● What you have to do: From the entries below, return only the lines starting at the one that contains "Villa - New Build - Pinoso - BRE-ON-76165" and ending at the one that contains "Pack of 10 Flexible", exactly as they stand.

Caption-style text data
-- -- --

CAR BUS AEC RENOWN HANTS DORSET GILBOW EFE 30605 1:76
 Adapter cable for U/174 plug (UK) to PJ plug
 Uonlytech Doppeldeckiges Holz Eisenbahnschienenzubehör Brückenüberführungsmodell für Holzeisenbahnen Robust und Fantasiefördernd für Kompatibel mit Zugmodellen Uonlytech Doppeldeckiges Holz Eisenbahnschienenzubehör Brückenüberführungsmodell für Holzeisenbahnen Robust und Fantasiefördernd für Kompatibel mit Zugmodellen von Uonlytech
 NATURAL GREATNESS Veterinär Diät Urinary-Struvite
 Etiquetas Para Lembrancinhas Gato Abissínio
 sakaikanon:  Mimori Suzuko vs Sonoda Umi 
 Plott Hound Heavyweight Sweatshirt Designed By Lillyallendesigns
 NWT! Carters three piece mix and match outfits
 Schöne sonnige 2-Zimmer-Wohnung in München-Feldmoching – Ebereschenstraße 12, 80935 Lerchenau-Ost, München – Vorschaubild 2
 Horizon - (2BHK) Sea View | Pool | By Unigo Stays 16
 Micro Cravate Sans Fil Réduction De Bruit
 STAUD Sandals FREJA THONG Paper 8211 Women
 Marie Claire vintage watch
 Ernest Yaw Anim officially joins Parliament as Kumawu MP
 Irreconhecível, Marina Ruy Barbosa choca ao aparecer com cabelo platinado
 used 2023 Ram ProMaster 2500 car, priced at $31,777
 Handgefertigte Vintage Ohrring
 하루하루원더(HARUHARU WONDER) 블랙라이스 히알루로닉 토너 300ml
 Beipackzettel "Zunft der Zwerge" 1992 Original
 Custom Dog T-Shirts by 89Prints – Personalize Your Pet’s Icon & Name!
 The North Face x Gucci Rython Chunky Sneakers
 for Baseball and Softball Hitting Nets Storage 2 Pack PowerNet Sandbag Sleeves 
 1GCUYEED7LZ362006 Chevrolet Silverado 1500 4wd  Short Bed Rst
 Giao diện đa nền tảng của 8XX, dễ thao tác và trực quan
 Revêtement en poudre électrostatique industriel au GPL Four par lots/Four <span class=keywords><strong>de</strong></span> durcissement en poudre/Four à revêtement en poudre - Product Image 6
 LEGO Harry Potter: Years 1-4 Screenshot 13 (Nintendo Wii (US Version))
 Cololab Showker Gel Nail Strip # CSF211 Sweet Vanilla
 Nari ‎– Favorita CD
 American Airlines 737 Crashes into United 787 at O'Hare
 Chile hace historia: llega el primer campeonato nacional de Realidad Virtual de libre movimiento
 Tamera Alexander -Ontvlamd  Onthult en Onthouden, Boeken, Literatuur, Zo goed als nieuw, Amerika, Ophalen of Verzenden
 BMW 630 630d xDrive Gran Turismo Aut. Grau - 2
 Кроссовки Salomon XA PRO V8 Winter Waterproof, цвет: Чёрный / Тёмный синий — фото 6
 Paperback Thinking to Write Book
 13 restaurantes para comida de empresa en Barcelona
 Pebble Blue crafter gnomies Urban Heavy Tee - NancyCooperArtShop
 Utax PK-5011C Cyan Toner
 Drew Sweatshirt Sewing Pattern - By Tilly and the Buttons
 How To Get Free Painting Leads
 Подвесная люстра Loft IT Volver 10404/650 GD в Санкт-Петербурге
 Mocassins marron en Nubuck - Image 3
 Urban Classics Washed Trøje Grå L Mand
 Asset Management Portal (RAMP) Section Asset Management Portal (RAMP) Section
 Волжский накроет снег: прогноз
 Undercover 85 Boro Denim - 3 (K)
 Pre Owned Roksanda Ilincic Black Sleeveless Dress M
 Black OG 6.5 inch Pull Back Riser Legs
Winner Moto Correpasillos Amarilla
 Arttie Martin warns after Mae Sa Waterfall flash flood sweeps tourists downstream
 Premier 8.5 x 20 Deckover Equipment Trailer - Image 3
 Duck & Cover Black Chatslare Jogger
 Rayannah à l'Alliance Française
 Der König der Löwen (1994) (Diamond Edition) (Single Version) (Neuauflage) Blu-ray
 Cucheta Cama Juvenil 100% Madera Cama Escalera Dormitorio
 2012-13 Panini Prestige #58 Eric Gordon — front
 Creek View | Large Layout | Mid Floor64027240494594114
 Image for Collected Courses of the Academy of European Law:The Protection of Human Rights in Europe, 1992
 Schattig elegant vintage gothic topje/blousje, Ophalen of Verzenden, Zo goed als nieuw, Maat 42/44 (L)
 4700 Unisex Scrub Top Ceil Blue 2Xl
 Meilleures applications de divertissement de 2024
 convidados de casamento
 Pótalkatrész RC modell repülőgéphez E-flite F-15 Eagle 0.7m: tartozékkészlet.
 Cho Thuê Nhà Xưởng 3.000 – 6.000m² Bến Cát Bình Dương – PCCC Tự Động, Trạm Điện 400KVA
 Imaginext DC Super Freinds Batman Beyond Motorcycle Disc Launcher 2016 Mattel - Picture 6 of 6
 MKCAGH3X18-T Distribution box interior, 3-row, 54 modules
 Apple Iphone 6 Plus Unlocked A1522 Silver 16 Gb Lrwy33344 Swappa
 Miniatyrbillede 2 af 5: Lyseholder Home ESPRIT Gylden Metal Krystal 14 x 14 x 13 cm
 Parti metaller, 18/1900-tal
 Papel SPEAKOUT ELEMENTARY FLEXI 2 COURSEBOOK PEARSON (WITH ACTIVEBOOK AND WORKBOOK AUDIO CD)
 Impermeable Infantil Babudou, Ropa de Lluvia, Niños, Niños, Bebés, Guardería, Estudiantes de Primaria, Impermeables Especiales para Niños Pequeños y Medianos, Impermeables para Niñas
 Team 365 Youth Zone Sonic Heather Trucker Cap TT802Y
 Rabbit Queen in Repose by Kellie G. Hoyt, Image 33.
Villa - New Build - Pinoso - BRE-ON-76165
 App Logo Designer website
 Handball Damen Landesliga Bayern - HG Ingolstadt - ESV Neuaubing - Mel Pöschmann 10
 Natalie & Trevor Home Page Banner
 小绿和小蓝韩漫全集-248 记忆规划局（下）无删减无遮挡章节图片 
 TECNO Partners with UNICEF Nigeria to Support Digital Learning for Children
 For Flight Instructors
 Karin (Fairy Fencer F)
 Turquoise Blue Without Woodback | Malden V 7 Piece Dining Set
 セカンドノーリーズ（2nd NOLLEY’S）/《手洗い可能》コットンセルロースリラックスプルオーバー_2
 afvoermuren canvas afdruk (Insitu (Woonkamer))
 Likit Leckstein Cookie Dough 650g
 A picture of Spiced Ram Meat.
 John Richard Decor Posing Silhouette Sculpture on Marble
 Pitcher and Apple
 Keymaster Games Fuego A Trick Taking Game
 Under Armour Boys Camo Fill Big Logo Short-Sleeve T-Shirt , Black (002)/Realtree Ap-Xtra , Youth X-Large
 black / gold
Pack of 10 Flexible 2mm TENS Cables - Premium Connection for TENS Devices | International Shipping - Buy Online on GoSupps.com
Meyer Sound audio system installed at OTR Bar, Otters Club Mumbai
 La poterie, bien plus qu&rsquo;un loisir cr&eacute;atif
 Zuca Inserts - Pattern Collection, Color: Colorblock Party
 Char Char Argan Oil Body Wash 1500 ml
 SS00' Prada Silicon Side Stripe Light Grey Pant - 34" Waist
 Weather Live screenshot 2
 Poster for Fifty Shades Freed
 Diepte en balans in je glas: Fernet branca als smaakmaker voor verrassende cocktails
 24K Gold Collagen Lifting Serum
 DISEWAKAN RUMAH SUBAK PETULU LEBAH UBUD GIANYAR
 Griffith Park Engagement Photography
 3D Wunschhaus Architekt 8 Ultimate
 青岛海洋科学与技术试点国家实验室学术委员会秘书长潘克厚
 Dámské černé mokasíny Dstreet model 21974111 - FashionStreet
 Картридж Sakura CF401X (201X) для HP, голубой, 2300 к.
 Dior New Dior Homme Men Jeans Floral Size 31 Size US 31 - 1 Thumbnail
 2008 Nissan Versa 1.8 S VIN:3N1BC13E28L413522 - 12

-- -- --

● Exercise output:
Villa - New Build - Pinoso - BRE-ON-76165
 App Logo Designer website
 Handball Damen Landesliga Bayern - HG Ingolstadt - ESV Neuaubing - Mel Pöschmann 10
 Natalie & Trevor Home Page Banner
 小绿和小蓝韩漫全集-248 记忆规划局（下）无删减无遮挡章节图片 
 TECNO Partners with UNICEF Nigeria to Support Digital Learning for Children
 For Flight Instructors
 Karin (Fairy Fencer F)
 Turquoise Blue Without Woodback | Malden V 7 Piece Dining Set
 セカンドノーリーズ（2nd NOLLEY’S）/《手洗い可能》コットンセルロースリラックスプルオーバー_2
 afvoermuren canvas afdruk (Insitu (Woonkamer))
 Likit Leckstein Cookie Dough 650g
 A picture of Spiced Ram Meat.
 John Richard Decor Posing Silhouette Sculpture on Marble
 Pitcher and Apple
 Keymaster Games Fuego A Trick Taking Game
 Under Armour Boys Camo Fill Big Logo Short-Sleeve T-Shirt , Black (002)/Realtree Ap-Xtra , Youth X-Large
 black / gold
Pack of 10 Flexible 2mm TENS Cables - Premium Connection for TENS Devices | International Shipping - Buy Online on GoSupps.com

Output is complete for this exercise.